It was a treat to both collectors and connoisseurs. The 11th edition of India Art Fair featuring over 75 galleries presented a mix palate of memories—some sepia-toned, infused with warmth and happiness, while others grey, bitter and brittle.
Giving them a form, texture or a voice, new art projects includes ‘Change Room’ by Baaraan Ijlal and presented by Prameya Art Foundation and ‘Postcards from Home’ by Manisha Gera Baswani, presented by Gallery Espace.
As one walks through, one is greeted with bags of sacks of wheat, with 47 postcards, featuring 25 Indian and 22 Pakistani artists who have had a history with Partition, photographed in their creative spaces over the time by Baswani.
The cards feature an anecdote or even a conversation that rekindles the thought of the ‘home lost but not forgotten’.
Krishen Khanna’s memories of fellow artist and friend, Bal Chhabda, where he writes about how the latter came to Ahmedabad, post Partition with his brother, bought a bus and taught themselves how to sell tickets, rekindles some washed -away bygone recollections. “Few know that he was a great dancer and threw the best parties,” Khanna writes.
While the show has been on in full swing, it’s still not clear who would buy the majority 65 per cent stake in the fair from MCH Group, which remains “indefinitely committed” to the event until a new buyer is found.
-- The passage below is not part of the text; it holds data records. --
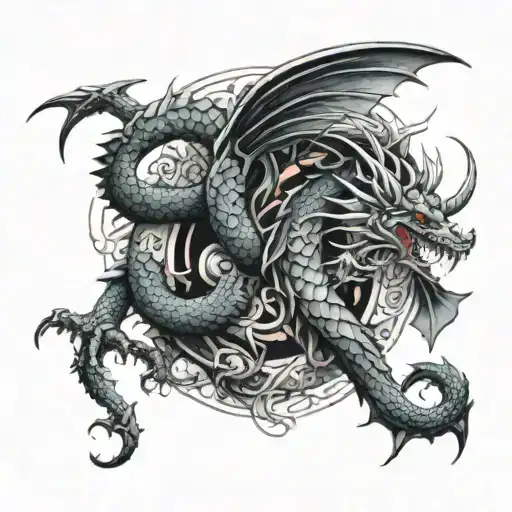 Dragon And Corpion Tattoo Design
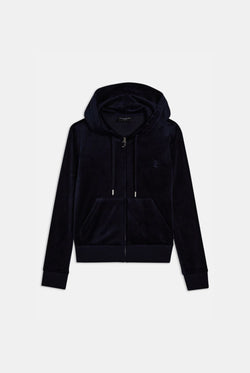 A night sky blue classic velour hoodie with a slim fit, kangaroo pockets, and a self-fabric lined hood. It features a gothic J zip pull and a logo at the chest.
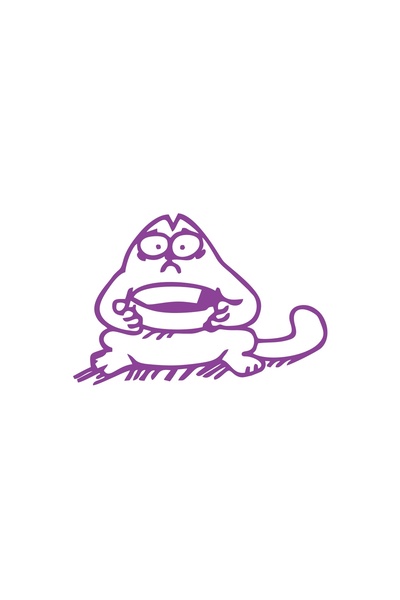 Reysa Tasarım Funny Cat Car Sticker 17X17 cm Purple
However, this uncertainty does not necessarily spell trouble for the future of IAF.
Balancing the importance of promoting Indian artists with the desire to open Indian art up to a global audience, the fair’s director Jagdip Jagpal remains committed to her promise that at least 70 per cent of the participating galleries are South Asian. However, there has been a careful curation of a few stellar galleries from abroad.
The talk of the town, however, has been the big debuts including works by Turner Prize winner Wolfgang Tillmans. The David Zwirner gallery that made its debut last year with Japanese conceptual artist Yayoi Kusama, has brought in Tillmans’ extraordinary photographs to Indian audiences. Also debuting was Berlin’s neugerriemschneider gallery, which has brought two artworks by politically subversive artist, Ai Weiwei.
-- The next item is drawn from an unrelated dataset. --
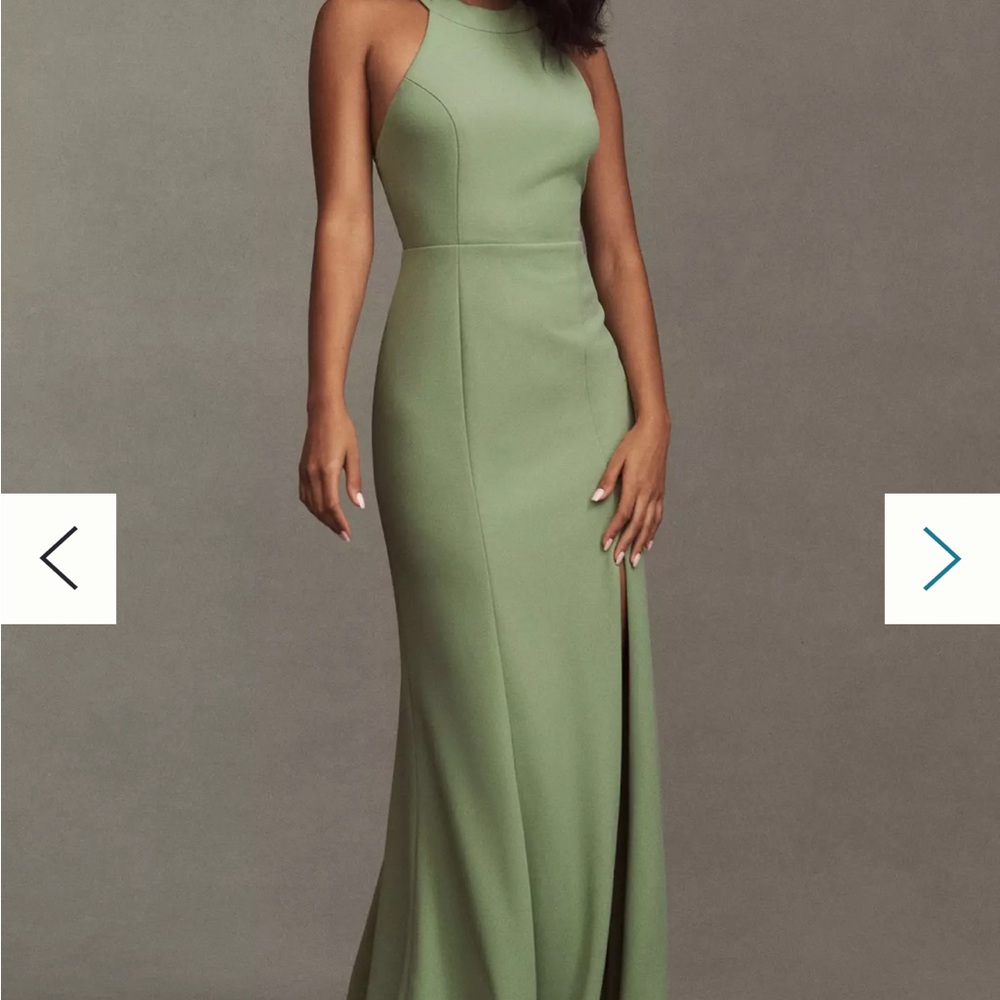 BHLDN Green Halter Maxi Gown for Wedding Guest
Returning for their second consecutive year were the blue-chip galleries Blain Southern and David Zwirner, suggesting continued international faith in the South Asian market. “This year people are more interested and engaged, and it’s showing” says Sascha Weschering, associate director of Blain Southern, which claimed to have sold a thread-on-canvas work, Skin (2016) by Chiaru Shiota, and a copper sculpture, Brother Animals (1993), by Lynda Benglis.
According to ArtTactic’s 2019 South Asian Art Market Report, South Asian gallery sales have increased by 9.1 per cent at an estimated $114m, which helps move South Asia from ninth to sixth place in ArtTactic’s global outlook rankings.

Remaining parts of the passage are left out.